I vote for 'outlaw'.

</F>


/* A small code snippet that translates \uxxxx syntax to UTF-8 text.
   To be cut and pasted into Python/compile.c */

/* Written by Fredrik Lundh, January 1999. */

/* Documentation (for the language reference):

\uxxxx -- Unicode character with hexadecimal value xxxx.  The
character is stored using UTF-8 encoding, which means that this
sequence can result in up to three encoded characters.

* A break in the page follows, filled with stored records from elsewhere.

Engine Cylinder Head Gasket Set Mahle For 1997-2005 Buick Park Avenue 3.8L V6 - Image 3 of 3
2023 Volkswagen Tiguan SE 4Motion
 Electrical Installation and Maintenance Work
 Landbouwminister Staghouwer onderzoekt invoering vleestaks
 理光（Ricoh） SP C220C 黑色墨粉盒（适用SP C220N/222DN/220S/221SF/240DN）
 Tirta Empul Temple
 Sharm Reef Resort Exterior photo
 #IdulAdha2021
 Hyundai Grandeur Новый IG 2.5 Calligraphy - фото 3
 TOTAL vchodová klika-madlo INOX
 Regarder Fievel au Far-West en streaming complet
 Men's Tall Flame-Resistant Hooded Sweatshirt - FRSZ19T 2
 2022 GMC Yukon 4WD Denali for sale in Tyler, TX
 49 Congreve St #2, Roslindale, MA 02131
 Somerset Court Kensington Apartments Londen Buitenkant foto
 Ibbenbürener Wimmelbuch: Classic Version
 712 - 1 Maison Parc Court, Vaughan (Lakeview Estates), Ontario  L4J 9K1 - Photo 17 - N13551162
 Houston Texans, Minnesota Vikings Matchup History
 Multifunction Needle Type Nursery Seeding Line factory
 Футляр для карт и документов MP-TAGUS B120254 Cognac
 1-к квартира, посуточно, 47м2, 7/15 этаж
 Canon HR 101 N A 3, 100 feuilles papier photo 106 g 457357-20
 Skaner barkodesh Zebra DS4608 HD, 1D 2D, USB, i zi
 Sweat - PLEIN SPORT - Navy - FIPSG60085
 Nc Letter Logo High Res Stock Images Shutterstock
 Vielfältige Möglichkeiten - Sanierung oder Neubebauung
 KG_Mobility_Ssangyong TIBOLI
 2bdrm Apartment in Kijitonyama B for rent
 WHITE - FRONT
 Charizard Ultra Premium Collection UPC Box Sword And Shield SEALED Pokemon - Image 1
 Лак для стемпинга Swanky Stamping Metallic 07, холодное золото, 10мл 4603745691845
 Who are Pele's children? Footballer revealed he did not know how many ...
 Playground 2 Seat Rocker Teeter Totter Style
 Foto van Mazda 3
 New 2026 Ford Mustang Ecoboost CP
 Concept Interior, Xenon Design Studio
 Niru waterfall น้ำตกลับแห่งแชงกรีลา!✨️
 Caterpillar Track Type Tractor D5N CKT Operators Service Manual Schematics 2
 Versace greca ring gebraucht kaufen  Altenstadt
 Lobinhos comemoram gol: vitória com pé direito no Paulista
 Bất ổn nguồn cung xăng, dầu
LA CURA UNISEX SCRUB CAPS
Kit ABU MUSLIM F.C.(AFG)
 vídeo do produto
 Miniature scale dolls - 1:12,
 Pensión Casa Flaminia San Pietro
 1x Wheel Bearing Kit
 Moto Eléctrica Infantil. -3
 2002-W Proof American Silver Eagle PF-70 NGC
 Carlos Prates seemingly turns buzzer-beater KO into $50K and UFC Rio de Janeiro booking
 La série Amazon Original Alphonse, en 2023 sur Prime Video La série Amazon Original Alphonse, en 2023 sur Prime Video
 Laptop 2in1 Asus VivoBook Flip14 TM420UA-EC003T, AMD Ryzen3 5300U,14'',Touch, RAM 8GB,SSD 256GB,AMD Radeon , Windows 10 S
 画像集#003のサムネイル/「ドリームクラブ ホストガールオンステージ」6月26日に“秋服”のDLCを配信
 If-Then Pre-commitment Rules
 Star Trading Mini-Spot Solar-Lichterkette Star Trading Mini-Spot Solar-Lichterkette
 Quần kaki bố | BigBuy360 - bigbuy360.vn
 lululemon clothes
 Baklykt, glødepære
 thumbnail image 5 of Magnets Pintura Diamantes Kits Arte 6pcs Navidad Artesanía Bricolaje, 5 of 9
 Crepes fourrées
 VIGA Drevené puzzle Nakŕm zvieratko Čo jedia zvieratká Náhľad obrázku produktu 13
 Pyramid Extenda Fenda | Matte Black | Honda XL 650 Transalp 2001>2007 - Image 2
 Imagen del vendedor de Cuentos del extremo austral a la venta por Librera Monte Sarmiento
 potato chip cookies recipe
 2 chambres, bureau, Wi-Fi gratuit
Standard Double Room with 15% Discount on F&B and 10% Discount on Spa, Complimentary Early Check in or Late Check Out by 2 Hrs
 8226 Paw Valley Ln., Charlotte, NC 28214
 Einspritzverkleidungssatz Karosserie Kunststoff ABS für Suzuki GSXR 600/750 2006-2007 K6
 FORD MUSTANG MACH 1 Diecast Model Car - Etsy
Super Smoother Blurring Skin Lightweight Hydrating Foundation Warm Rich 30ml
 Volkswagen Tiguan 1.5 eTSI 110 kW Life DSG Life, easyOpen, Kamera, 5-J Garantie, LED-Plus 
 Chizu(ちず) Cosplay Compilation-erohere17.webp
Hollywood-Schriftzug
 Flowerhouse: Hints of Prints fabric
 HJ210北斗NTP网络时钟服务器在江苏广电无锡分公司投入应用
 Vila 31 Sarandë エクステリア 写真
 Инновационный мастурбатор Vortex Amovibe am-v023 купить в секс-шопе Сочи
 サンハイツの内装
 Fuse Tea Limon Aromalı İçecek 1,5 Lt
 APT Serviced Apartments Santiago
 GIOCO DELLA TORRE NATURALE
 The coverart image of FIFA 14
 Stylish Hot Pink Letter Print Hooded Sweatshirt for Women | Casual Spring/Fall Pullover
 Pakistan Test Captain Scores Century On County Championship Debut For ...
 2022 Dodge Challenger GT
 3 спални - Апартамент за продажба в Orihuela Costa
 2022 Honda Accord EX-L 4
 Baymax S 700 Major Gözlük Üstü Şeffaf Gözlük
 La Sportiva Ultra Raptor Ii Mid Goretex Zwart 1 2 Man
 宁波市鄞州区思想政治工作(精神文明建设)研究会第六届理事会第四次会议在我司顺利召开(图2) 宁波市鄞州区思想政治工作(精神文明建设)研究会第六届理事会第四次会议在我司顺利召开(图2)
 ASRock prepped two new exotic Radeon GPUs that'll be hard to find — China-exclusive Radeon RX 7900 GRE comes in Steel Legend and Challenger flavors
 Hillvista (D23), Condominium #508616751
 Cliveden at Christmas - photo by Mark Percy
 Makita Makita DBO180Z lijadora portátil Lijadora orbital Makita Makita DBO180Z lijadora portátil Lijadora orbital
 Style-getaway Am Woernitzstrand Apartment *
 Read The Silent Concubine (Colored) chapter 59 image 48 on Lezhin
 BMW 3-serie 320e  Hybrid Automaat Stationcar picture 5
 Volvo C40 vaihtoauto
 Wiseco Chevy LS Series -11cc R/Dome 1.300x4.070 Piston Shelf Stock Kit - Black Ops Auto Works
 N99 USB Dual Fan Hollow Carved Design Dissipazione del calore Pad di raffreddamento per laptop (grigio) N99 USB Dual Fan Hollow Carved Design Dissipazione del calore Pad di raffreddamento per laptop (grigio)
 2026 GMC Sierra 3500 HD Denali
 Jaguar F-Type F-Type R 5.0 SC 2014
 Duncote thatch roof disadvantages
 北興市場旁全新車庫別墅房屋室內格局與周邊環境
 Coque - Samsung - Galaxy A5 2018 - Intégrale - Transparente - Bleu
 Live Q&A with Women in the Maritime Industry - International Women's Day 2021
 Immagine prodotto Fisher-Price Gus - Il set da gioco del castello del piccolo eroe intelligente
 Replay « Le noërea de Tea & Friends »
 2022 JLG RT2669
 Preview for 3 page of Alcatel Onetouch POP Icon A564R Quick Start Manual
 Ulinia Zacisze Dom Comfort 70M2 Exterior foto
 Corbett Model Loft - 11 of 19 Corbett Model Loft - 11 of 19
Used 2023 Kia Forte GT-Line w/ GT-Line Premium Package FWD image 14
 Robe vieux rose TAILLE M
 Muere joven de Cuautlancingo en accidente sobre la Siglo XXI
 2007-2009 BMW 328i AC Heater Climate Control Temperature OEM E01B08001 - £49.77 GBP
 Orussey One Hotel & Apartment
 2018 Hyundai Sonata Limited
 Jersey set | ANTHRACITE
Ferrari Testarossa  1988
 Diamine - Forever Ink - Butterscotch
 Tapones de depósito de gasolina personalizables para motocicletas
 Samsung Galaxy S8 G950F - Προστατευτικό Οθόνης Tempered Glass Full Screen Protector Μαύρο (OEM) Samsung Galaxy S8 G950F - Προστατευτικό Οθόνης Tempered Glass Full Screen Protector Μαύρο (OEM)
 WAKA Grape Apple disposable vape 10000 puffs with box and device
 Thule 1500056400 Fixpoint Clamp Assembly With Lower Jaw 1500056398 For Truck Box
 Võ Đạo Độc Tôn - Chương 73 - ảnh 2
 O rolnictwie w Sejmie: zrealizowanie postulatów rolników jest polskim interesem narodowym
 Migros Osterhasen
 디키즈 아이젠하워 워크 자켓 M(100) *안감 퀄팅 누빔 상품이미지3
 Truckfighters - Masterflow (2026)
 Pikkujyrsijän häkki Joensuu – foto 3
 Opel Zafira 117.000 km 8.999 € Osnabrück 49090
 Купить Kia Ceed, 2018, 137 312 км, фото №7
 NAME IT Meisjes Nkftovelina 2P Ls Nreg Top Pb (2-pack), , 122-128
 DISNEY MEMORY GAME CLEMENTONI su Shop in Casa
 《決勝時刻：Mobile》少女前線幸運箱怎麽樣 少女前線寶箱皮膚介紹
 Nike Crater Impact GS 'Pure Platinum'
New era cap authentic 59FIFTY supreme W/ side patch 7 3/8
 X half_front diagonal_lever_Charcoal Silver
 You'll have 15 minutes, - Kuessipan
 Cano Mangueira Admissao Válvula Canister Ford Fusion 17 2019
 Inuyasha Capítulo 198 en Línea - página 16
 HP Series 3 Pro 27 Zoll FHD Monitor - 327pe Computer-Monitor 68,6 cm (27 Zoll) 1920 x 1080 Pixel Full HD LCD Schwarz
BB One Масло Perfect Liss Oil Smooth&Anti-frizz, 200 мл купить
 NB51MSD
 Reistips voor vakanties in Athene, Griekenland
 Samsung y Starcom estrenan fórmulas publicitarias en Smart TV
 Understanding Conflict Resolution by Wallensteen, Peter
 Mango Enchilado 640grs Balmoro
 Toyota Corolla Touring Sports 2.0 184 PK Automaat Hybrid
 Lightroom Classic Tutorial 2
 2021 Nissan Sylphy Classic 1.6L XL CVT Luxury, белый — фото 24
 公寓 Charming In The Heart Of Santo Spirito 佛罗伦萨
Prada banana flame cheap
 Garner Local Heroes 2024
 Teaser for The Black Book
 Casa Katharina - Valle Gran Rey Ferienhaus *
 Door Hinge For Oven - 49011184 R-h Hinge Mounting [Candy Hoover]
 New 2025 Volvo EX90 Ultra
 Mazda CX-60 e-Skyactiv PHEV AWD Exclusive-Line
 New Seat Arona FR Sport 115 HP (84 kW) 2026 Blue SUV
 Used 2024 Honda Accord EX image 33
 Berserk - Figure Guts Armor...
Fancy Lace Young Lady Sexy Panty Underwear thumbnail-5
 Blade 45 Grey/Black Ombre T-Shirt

Note that the 'u' must be followed by four hexadecimal digits.  If
fewer digits are given, the sequence is left in the resulting string
exactly as given.  If more digits are given, only the first four are
translated to Unicode, and the remaining digits are left in the
resulting string.

*/

#define Py_CHARMASK(ch) ch

void
convert(const char *s, char *p)
{
    while (*s) {
        if (*s != '\\') {
            *p++ = *s++;
            continue;
        }
        s++;
        switch (*s++) {

/* -------------------------------------------------------------------- */
/* copy this section to the appropriate place in compile.c... */

        case 'u':
            /* \uxxxx => UTF-8 encoded unicode character */
            if (isxdigit(Py_CHARMASK(s[0])) && isxdigit(Py_CHARMASK(s[1])) &&
                isxdigit(Py_CHARMASK(s[2])) && isxdigit(Py_CHARMASK(s[3]))) {
                /* fetch hexadecimal character value */
                unsigned int n, ch = 0;
                for (n = 0; n < 4; n++) {
                    int c = Py_CHARMASK(*s);
                    s++;
                    ch = (ch << 4) & ~0xF;
                    if (isdigit(c))
                        ch += c - '0';
                    else if (islower(c))
                        ch += 10 + c - 'a';
                    else
                        ch += 10 + c - 'A';
                }
                /* store as UTF-8 */
                if (ch < 0x80)
                    *p++ = (char) ch;
                else {
                    if (ch < 0x800) {
                        *p++ = 0xc0 | (ch >> 6);
                        *p++ = 0x80 | (ch & 0x3f);
                    } else {
                        *p++ = 0xe0 | (ch >> 12);
                        *p++ = 0x80 | ((ch >> 6) & 0x3f);
                        *p++ = 0x80 | (ch & 0x3f);
                    }
                }
                break;
            } else
                goto bogus;

/* -------------------------------------------------------------------- */

        default:

bogus:      *p++ = '\\';
            *p++ = s[-1];
            break;
        }
    }
    *p++ = '\0';
}

main()
{
    int i;
    unsigned char buffer[100];
    
    convert("Link\\u00f6ping", buffer);

    for (i = 0; buffer[i]; i++)
        if (buffer[i] < 0x20 || buffer[i] >= 0x80)
            printf("\\%03o", buffer[i]);
        else
            printf("%c", buffer[i]);
}